Strasbourg - DPA
French President Emmanuel Macron was set to host German President Frank-Walter Steinmeier in the eastern city of Strasbourg on Sunday to mark the end of World War I 100 years ago.
The two presidents are scheduled to attend a concert together in Strasbourg Cathedral featuring the German composer Ludwig van Beethoven and French composer Claude Debussy, which also celebrates the return of the surrounding Alsace-Lorraine region to France.
Alsace-Lorraine - known in German as Elsass-Lothringen and since 2016 subsumed into France's new Grand Est (Great East) region - became part of Germany after the Franco-Prussian war in 1871. Its return to France in 1918 was considered a restoration of national pride.
World War I was largely fought on French soil with the trenches dug in along the Western Front in the east and north-east of the country.

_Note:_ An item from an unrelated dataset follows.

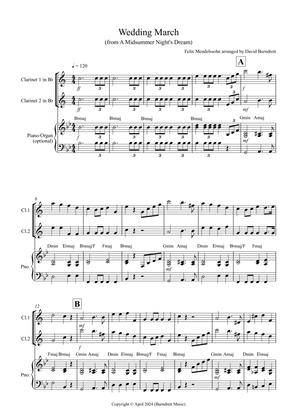 Book cover for Wedding March (from A Midsummer Night's Dream) for Clarinet Duet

Many people lost their lives in the Alsace-Lorraine region.
Almost exactly a year ago, Macron and Steinmeier recalled the mass killings in the 1914-18 Great War when on a mountain in the Vosges range near the Alsatian city of Colmar they opened the first Franco-German museum to commemorate the deaths of millions of soldiers.
The war remains a delicate subject: besides German aggression and atrocities, there is the prickly subject of 60,000 German residents who left the region after the war, some of their free will, but many driven out.
"That was a real bloodletting," historian Franck Burckel from the Strasbourg city archive told dpa.
The region was again occupied by Nazi Germany in 1940, but has since come to symbolize the reconciliation between the two countries, now close EU partners.
It is not complete harmony between the two neighbours: Germany has been a harsh critic of the ageing nuclear power station in Fessenheim to the south of Strasbourg, which it sees as a security risk and would like to have shut down.
After the concert, Macron plans to set off on a commemorative marathon, through 11 departments in the east and north of his country, to prominent places during World War I, including Verdun and Reims.
On November 10, the president plans to meet German Chancellor Angela Merkel in Compiegne in the remote forest clearing where a century ago, early in the morning, the WWI truce was signed in a converted dining car.
The crowning glory of the commemorations will be a meeting of some 60 heads of state and government on November 11 in Paris.